» **Task directions**
Copy without pictures. Please restate each line of the listing exactly.

» **Collected data**
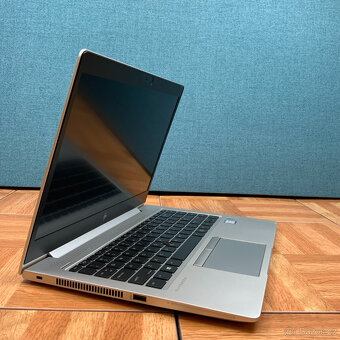 HP Elitebook 840 G5, Core i5-8250U, 8GB RAM, 240GB M.2 SSD - 5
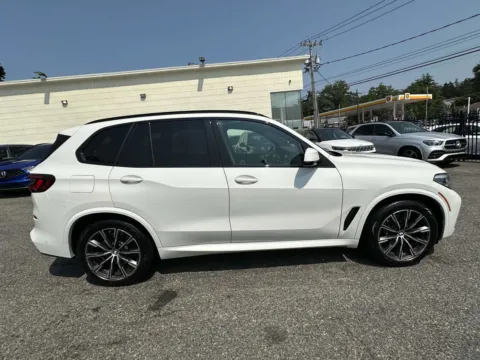 Photos of 2021 BMW X5 xDrive40i M-Sport for sale in Great Neck, NY at Prestige Motors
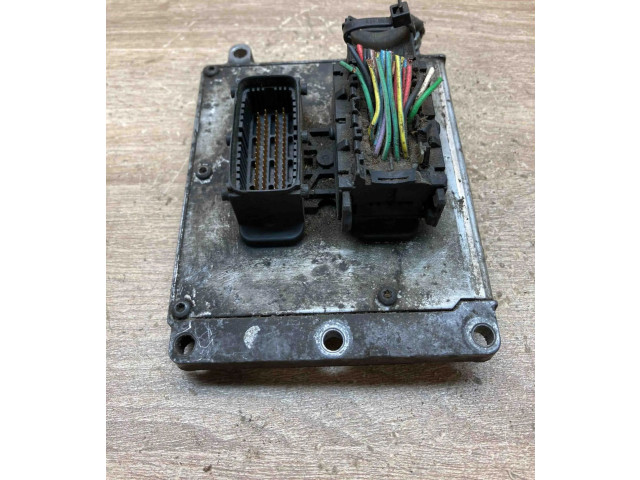 Блок управления двигателем Блок управления 55352688 Saab 9-3 Ver1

» **Exercise answer**
 HP Elitebook 840 G5, Core i5-8250U, 8GB RAM, 240GB M.2 SSD - 5
 Photos of 2021 BMW X5 xDrive40i M-Sport for sale in Great Neck, NY at Prestige Motors
 Блок управления двигателем Блок управления 55352688 Saab 9-3 Ver1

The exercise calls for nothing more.